Machine Learning

AI Professionals Bootcamp | Week 3

2025-12-28

GenAI policy reminder (Week 3)

You may use Generative AI only for clarifying questions.

✅ Allowed: definitions, “what does this error mean?”, reading docs, concept explanations
❌ Not allowed: generating your solution code, debugging by copy‑paste, writing full functions

Warning

This week is a graded repo. If GenAI writes your training/predict code, you will not build the skill.

Announcements / admin

This week you will ship a baseline ML system (train + evaluate + batch predict)
Offline-first: your repo must run without internet
Daily habit: commit + push (at least 1 commit/day)
Hidden tests reward: determinism (seeded) + helpful failures (clear errors)

Note

Capstone teams + project ideas are finalized by end of Week 5 (Jan 15, 2026).

Day 1: ML in one picture + your dataset contract

Goal: understand the supervised learning loop and write a clear dataset contract for the Week 3 project.

Bootcamp • SDAIA Academy

Today’s Flow

Session 1 (60m): ML in one picture (supervised learning basics)
Asr Prayer (20m)
Session 2 (60m): From feature table → dataset contract (X/y, IDs, leakage)
Maghrib Prayer (20m)
Session 3 (60m): Repo + CLI orientation (what you will run all week)
Isha Prayer (20m)
Hands-on (120m): Generate sample data + draft your model card + Git push

Learning Objectives

By the end of today, you can:

Explain supervised learning in 1 sentence
Distinguish training vs inference (what columns are available)
Identify features vs target vs ID columns in a table
Run ml-baseline --help and ml-baseline make-sample-data
Create reports/model_card.md with a draft dataset contract

Warm-up: connect Week 2 → Week 3 (5 minutes)

In pairs, answer:

In Week 2, what did “one row” represent in your feature table?
Name one ID column you would keep to join predictions back.
Where should a feature table live in a repo?

Checkpoint: you can say “one row = ”, “ID = ”, “path = data/processed/...”.

Week 3 project (in plain English)

By Friday, your repo can:

read a feature table from data/processed/features.<csv|parquet>
train a baseline model and save a run folder under models/runs/<run_id>/
batch predict on a new file and write outputs/preds.csv
explain what you did in reports/model_card.md + reports/eval_summary.md

Today we only build the foundation: ML basics + dataset contract + “hello CLI”.

End-state demo (what you’ll run later this week)

Train

uv run ml-baseline train --target is_high_value

Predict

uv run ml-baseline predict --run latest \
  --input data/processed/features.csv \
  --output outputs/preds.csv

Note

Don’t worry about the options yet.
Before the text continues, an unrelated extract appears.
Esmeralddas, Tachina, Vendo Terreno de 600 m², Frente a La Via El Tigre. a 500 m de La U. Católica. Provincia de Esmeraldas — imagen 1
This week is: define → split → baseline → train → evaluate → save → predict → report.

Session 1

ML in one picture (supervised learning basics)

Session 1 objectives

Define features and target
Explain the supervised learning loop at a high level
Tell the difference between training time and inference time

What is supervised machine learning?

You have examples where the answer is known.

Input (features): information you have before a decision
Output (target): the label/value you want to predict
A model learns a rule: X → y

Tip

In this bootcamp, “ML” means: “turn a table into a reliable prediction pipeline.”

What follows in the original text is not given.